* _Task goal_
Please output only the lines that begin at the line with "Wie hält man" and run through the end of the entries below, exactly as written. Drop all pictures.

* _Captioned web image data_
....
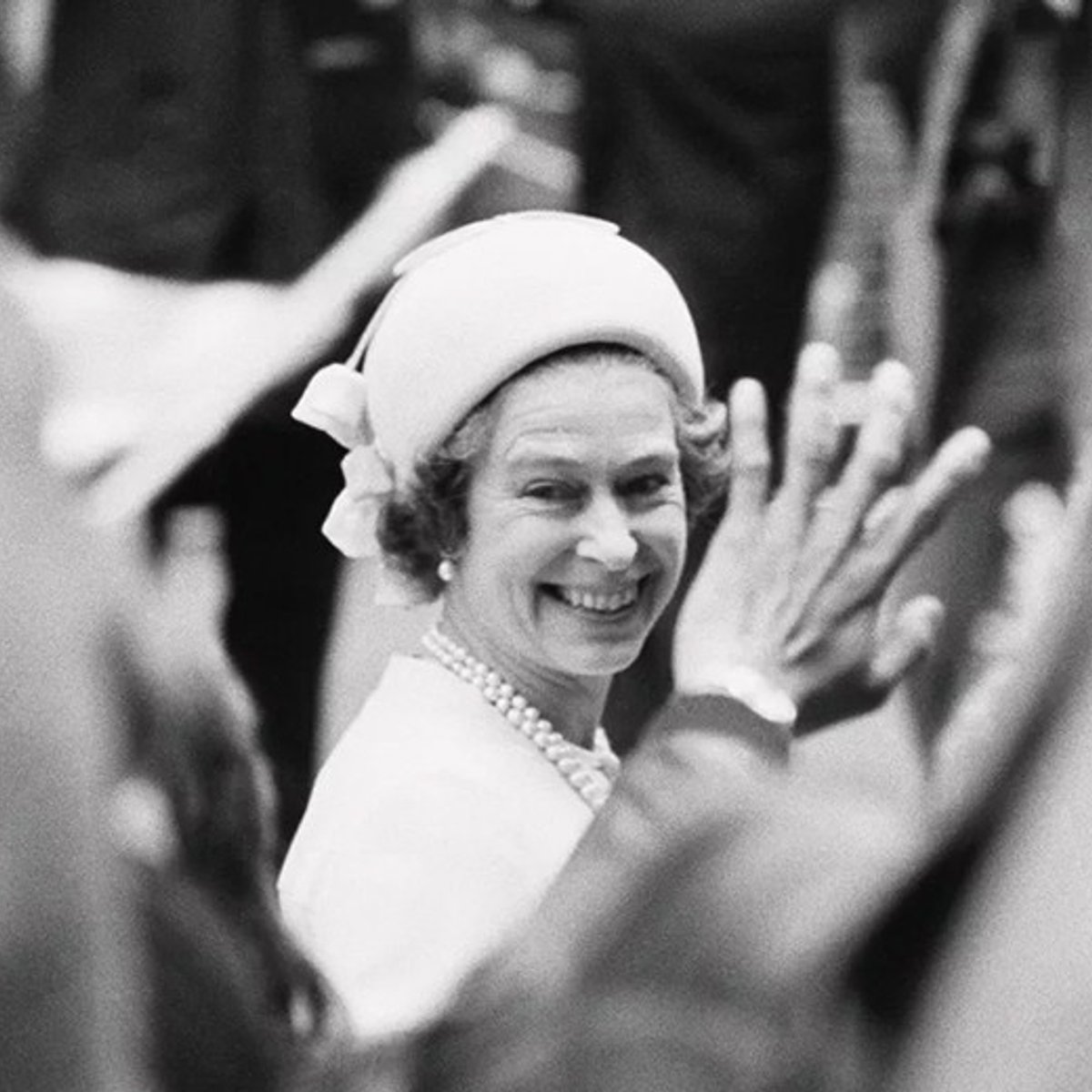 エリザベス女王、96歳で死去。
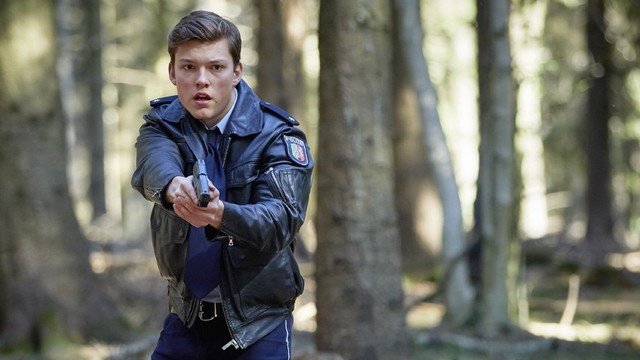 Wie hält man seine Dienstwaffe richtig? Lion Wasczyk als Finn Bartels bei "Alarm für Cobra 11".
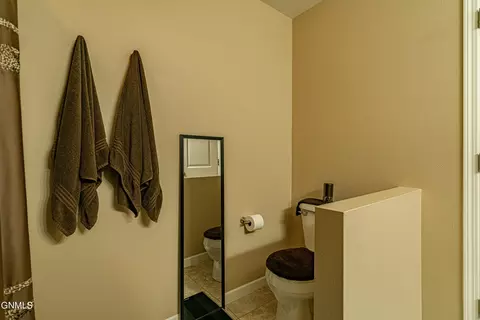 6922 Derek Dr, Bismarck, ND 58504 photo 40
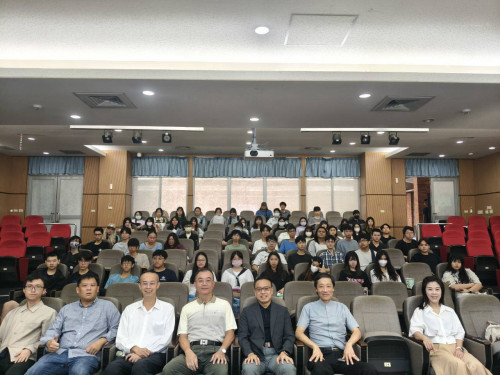 金大智慧全齡照護與永續食養創新研討 產官學開講引領健康新浪潮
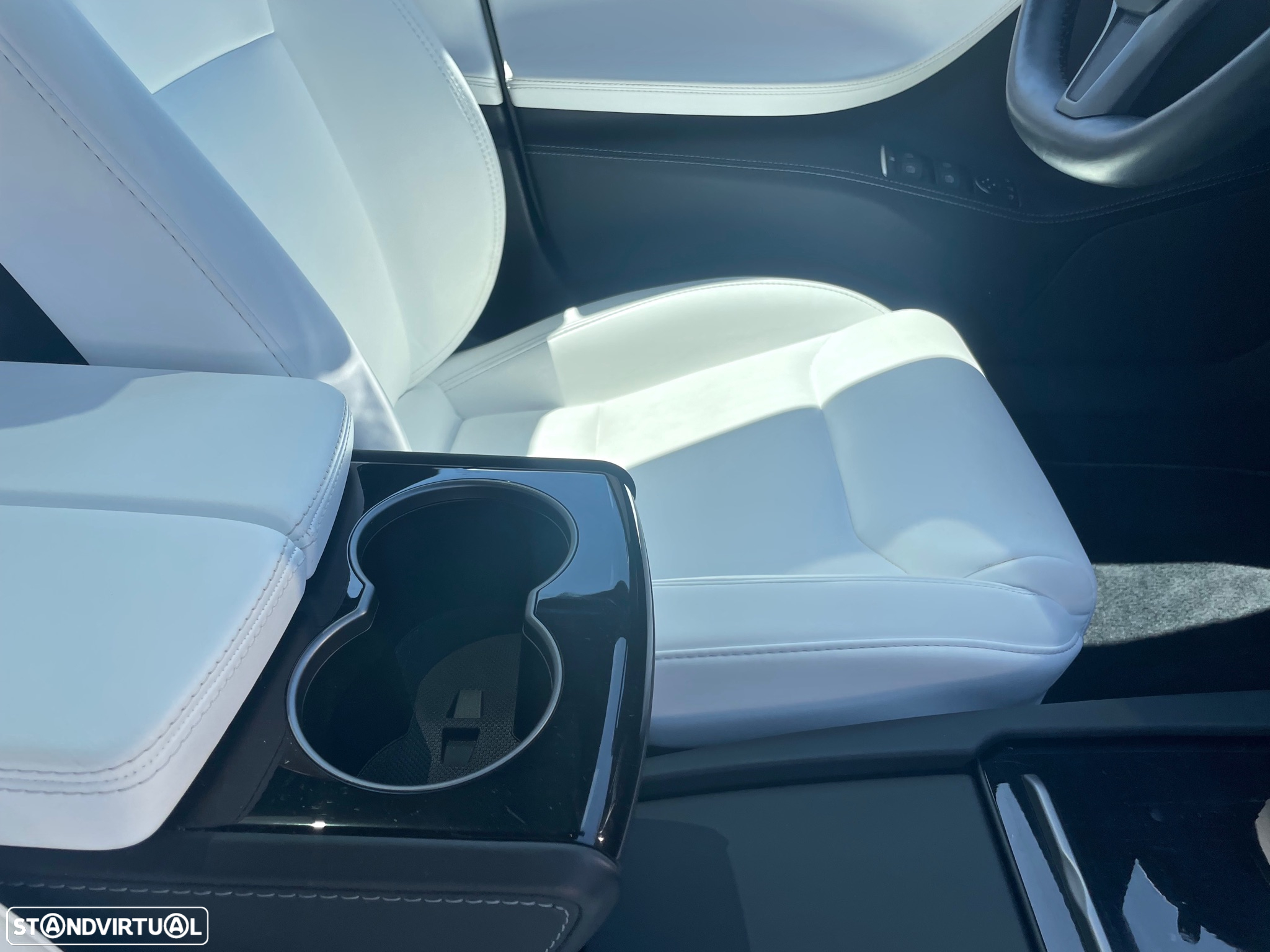 Tesla Model S Long Range - 22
....
* _Answer section_
 Wie hält man seine Dienstwaffe richtig? Lion Wasczyk als Finn Bartels bei "Alarm für Cobra 11".
 6922 Derek Dr, Bismarck, ND 58504 photo 40
 金大智慧全齡照護與永續食養創新研討 產官學開講引領健康新浪潮
 Tesla Model S Long Range - 22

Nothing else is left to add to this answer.